NVHPC 23.3 seems to handle assignment index with optimization wrongly on a custom class when IndexType is long. We set the index explicitly with volatile to solve it. NVHPC24.1 seem to fixed this issue. https://godbolt.org/z/srYhGndKn

TODO:

[x] add the fix of tri solve with half

upsj commented 1 week ago

For HIP 16 bit atomics, as long as you only use load and store, you could implement them as

a 32 bit load_* plus a memcpy and,
a 32 bit load_* plus an atomic CAS, similar to how we did atomicAdd in the past. For safety, we need to execute this twice, assuming that every memory location only ever gets written once (which is true for all algorithms that use atomics), because your write can either fail because the upper half changed, or the lower half changed, one of which belongs to you and can't change without your knowledge.

yhmtsai commented 1 week ago

using 32 bit memory operation for 16 bit, it will have illegal memory access in the tail or head if we do not handle it in a upper level.

upsj commented 1 week ago

Theoretically that would be an easy fix: Make sure all allocations are ~~at least 32 bits and~~ rounded up to multiples of 4. But I believe most allocators already silently fulfill that assumption, and GPUs are unlikely to have 16 bit allocation boundaries for alignment purposes.

yhmtsai commented 1 week ago

I do not like slight guarantee unless we have a way to ensure or at least check. However, I would suggest we do not consider it for this pr and release such that we have enough time ensure that it works correctly on hip.

upsj commented 1 week ago

I can give you a somewhat technical justification for this: cudaMalloc returns correctly aligned memory for thrust::complex<double>, despite not knowing anything about the type. So that means that the allocator is not using any space between those 16 byte-aligned allocations. Whether this is special-cased for allocations divisible by 16 or not I'm not sure (I would assume not, since people also allocate memory pools themselves), but again, we have an easy fix, which I would honestly consider useful in any case: round up the sizes raw_allow uses to at least be divisible by 4.
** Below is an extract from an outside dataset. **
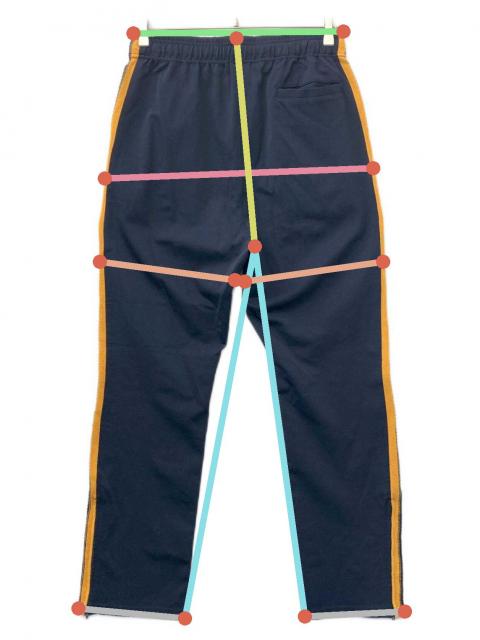 yoke トラックパンツ 1055005984274076_drawn.jpeg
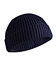 among us beanie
yhmtsai commented 1 week ago

I know the idea, sometimes it is necessary for optimized half precision by packing them (so, we will have kind of natively 32 bit by enforcing packing structure requirement) I will still say it is not easy and confident to say it will be correct in this short period. For example, user allocates some memory with 16 bits type but only pass the odd number to array_view. should we accept or throw the error? Of course, these memory operation will not change the value out of the actual array, but it is still illegal memory operation.